- _Try it_
Give back each line of the data exactly as it reads, minus the pictures.

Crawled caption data
====================
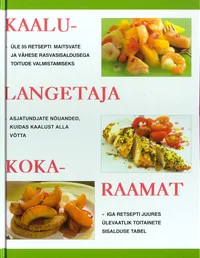 Kaalulangetaja kokaraamat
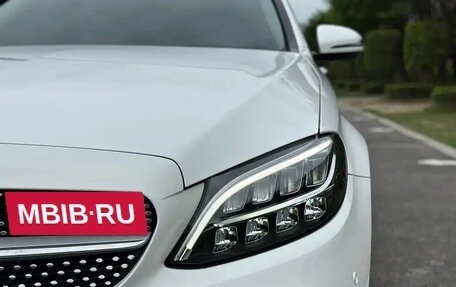 Mercedes-Benz C-Класс, 2021 год, 2 300 000 рублей, 11 фотография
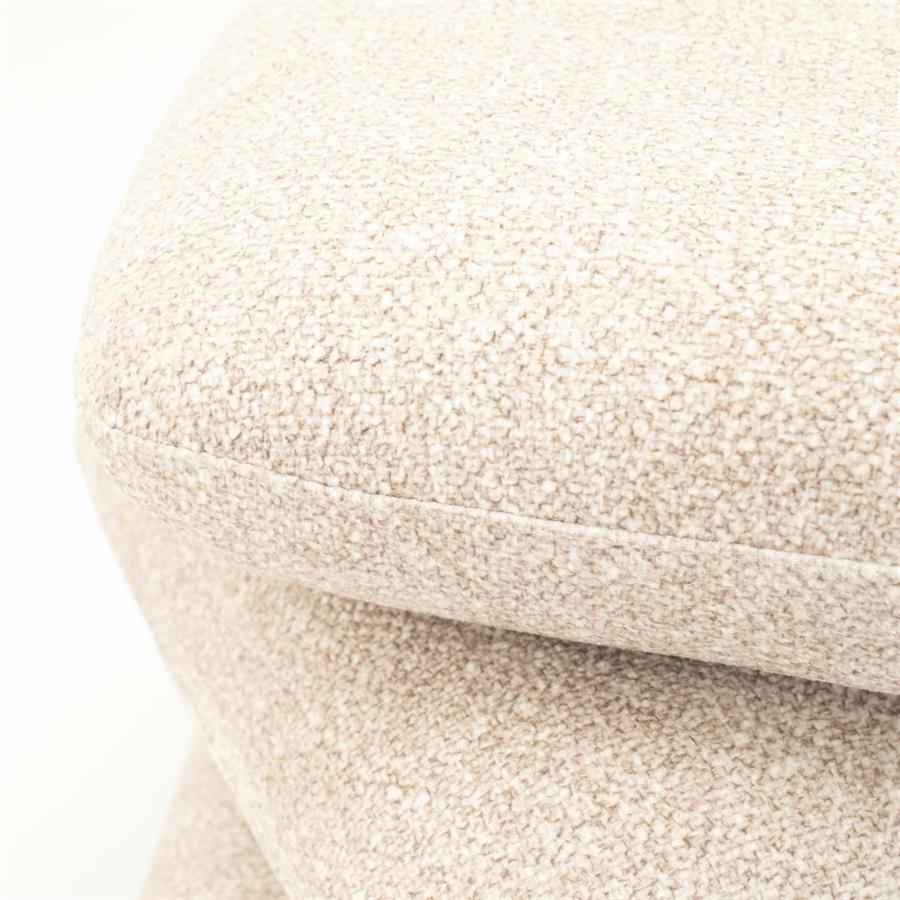 Poef Pillowscape - Beige - Afbeelding 29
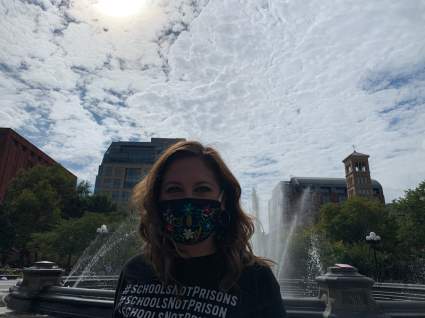 Jessica González: la activista que lucha por ser otra mujer latina en la Legislatura de NYC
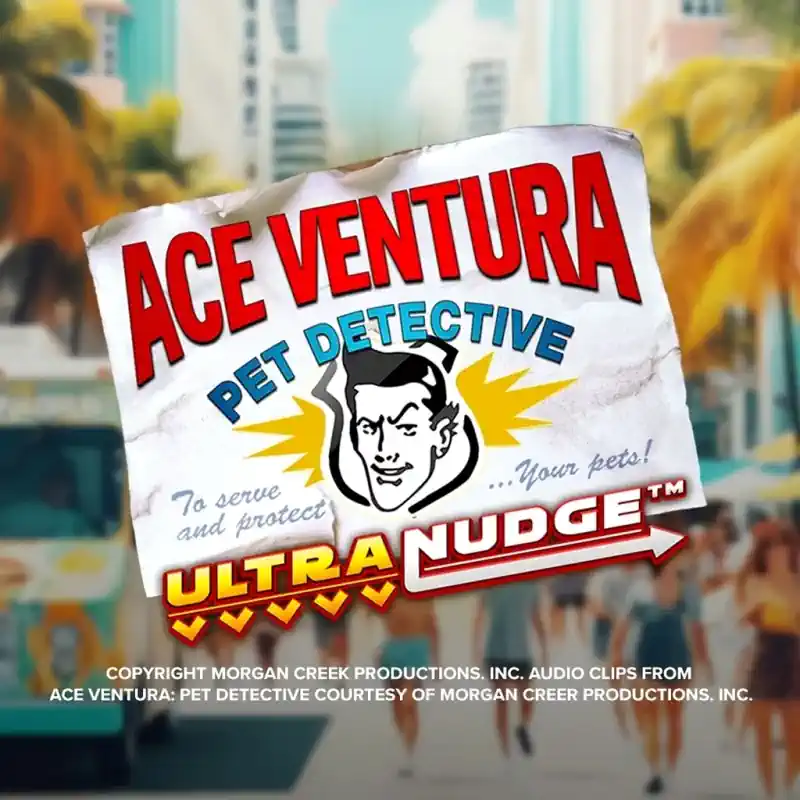 Ace Ventura Pet Detective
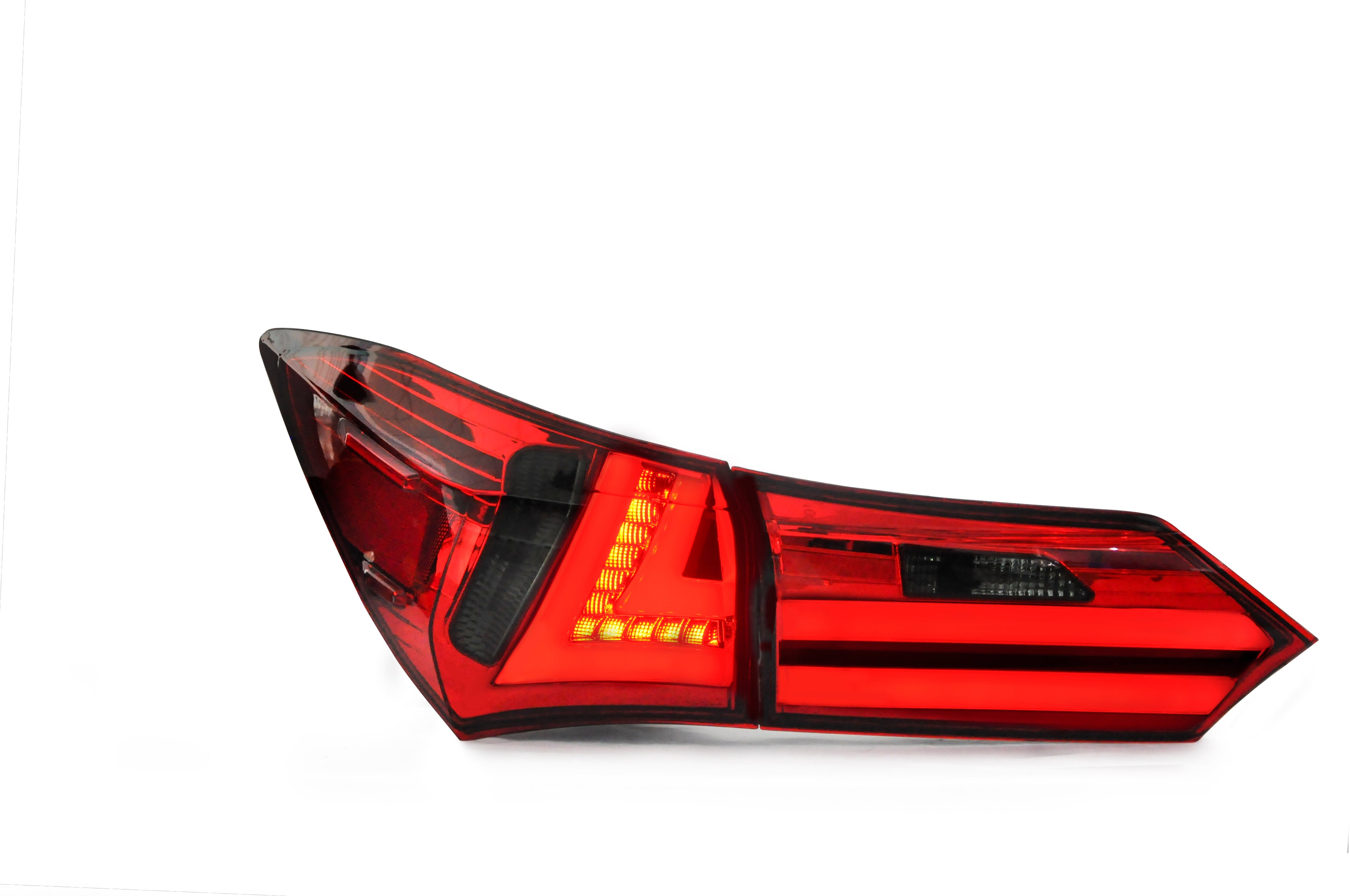 VLAND LED Tail lights For Toyota Corolla 2014-2019 International E170/E180 version(Price of 100 pairs)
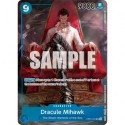Dracule Mihawk ( Alt Art ) - One Piece TCG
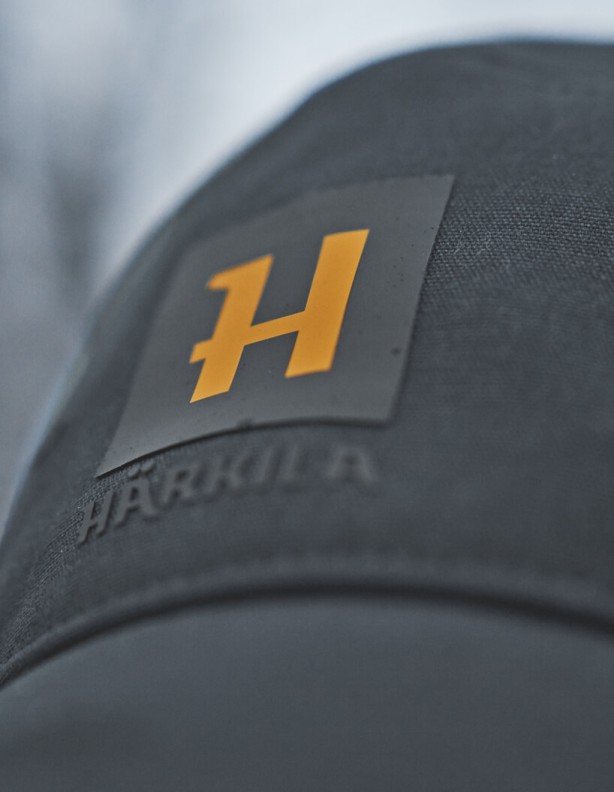 Harkila Instinct tmavě modrá bavlněná kšiltovka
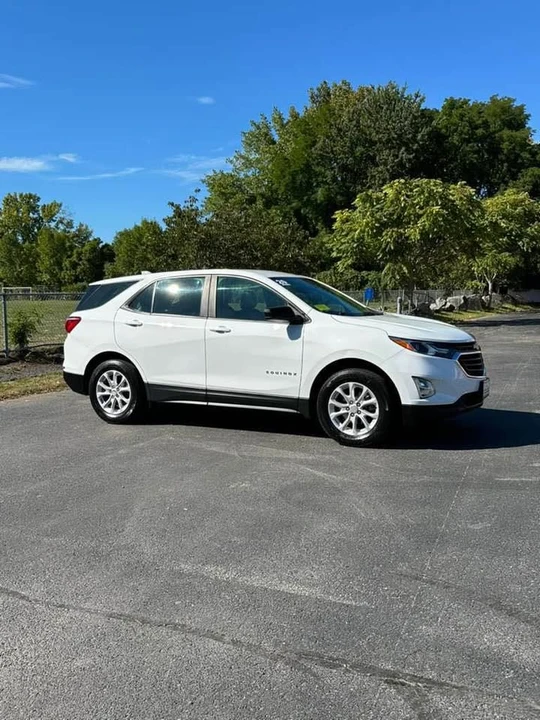2020 Chevrolet Equinox - Image 3 of 12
====================
- _Reply to the exercise_
 Kaalulangetaja kokaraamat
 Mercedes-Benz C-Класс, 2021 год, 2 300 000 рублей, 11 фотография
 Poef Pillowscape - Beige - Afbeelding 29
 Jessica González: la activista que lucha por ser otra mujer latina en la Legislatura de NYC
 Ace Ventura Pet Detective
 VLAND LED Tail lights For Toyota Corolla 2014-2019 International E170/E180 version(Price of 100 pairs)
Dracule Mihawk ( Alt Art ) - One Piece TCG
 Harkila Instinct tmavě modrá bavlněná kšiltovka
2020 Chevrolet Equinox - Image 3 of 12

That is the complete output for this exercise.